Wednesday, May 24, 2017

Trouble Every Day

Trouble Every Day is a 2001 vampire movie directed by Claire Denis. Not your usual vampire movie, which is reason enough to give it a chance. It's slow, but I didn't mind that.



Village Voice calls it "a hypnotic, unsettling work by one of the most sensuous filmmakers of the past 25 years. Slant Magazine has a positive review. The New York Times has a mixed review and calls it "daring" and "intermittently beautiful".

Time Out says,
Denis shoots this grisly-erotic roundelay in her distinctively woozy and elliptical style.

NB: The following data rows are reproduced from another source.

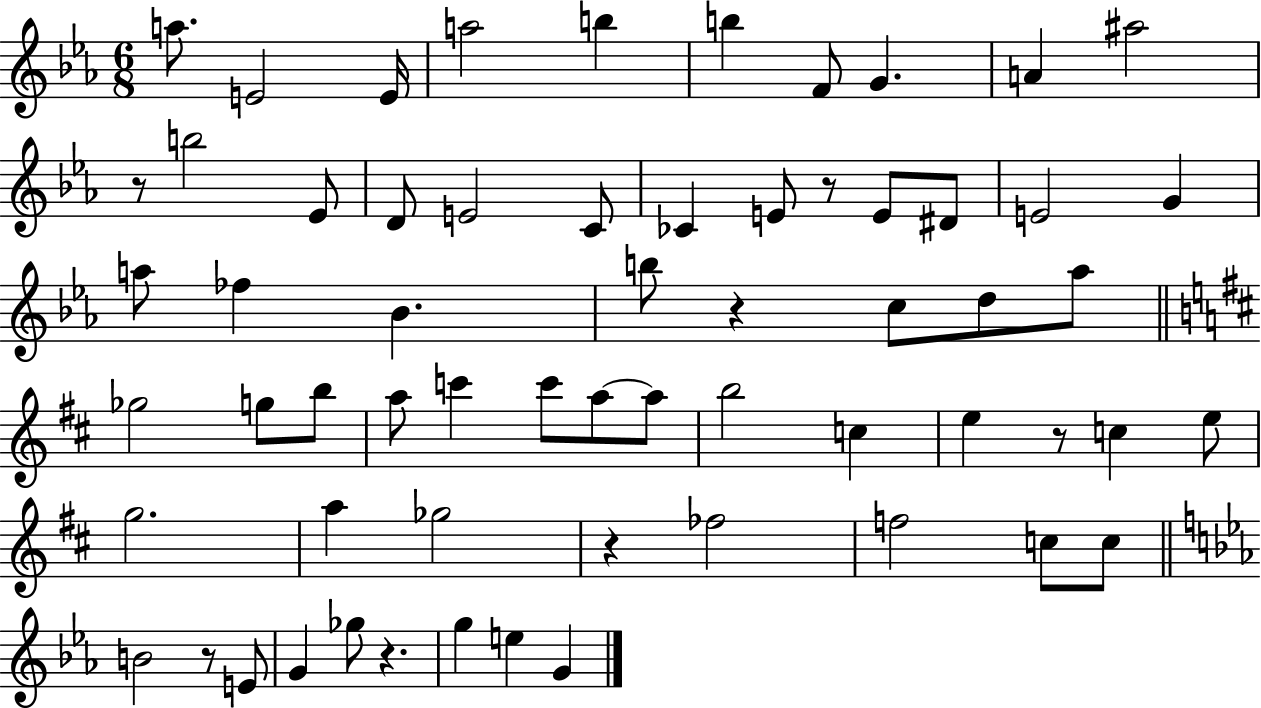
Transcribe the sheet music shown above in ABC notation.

X:1
T:Untitled
M:6/8
L:1/4
K:Eb
a/2 E2 E/4 a2 b b F/2 G A ^a2 z/2 b2 _E/2 D/2 E2 C/2 _C E/2 z/2 E/2 ^D/2 E2 G a/2 _f _B b/2 z c/2 d/2 _a/2 _g2 g/2 b/2 a/2 c' c'/2 a/2 a/2 b2 c e z/2 c e/2 g2 a _g2 z _f2 f2 c/2 c/2 B2 z/2 E/2 G _g/2 z g e G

The deepest connections between characters emerge from silence as opposed to dialogue—Shane gazing hungrily at a hotel maid’s neck, Coré quietly enticing a fresh-faced neighbor boy into her boarded-up lair—while the groggy atmosphere, aided immeasurably by Agnès Godard’s grainy cinematography and the punch-drunk score of indie-rockers Tindersticks, keeps you constantly beguiled.
Salon.com describes it this way: "Steamy anonymous sex meets horrible crimes of violence in Claire Denis' languid, lurid new art movie." HorrorNews.net says it "is an eerie, visually attractive French horror film that isn’t afraid to take an old trope and tell a new story." Rolling Stone has it on their list of "20 Scariest Horror Movies You've Never Seen" and calls it a "gorgeous, shocking riff on the bloodsucker genre."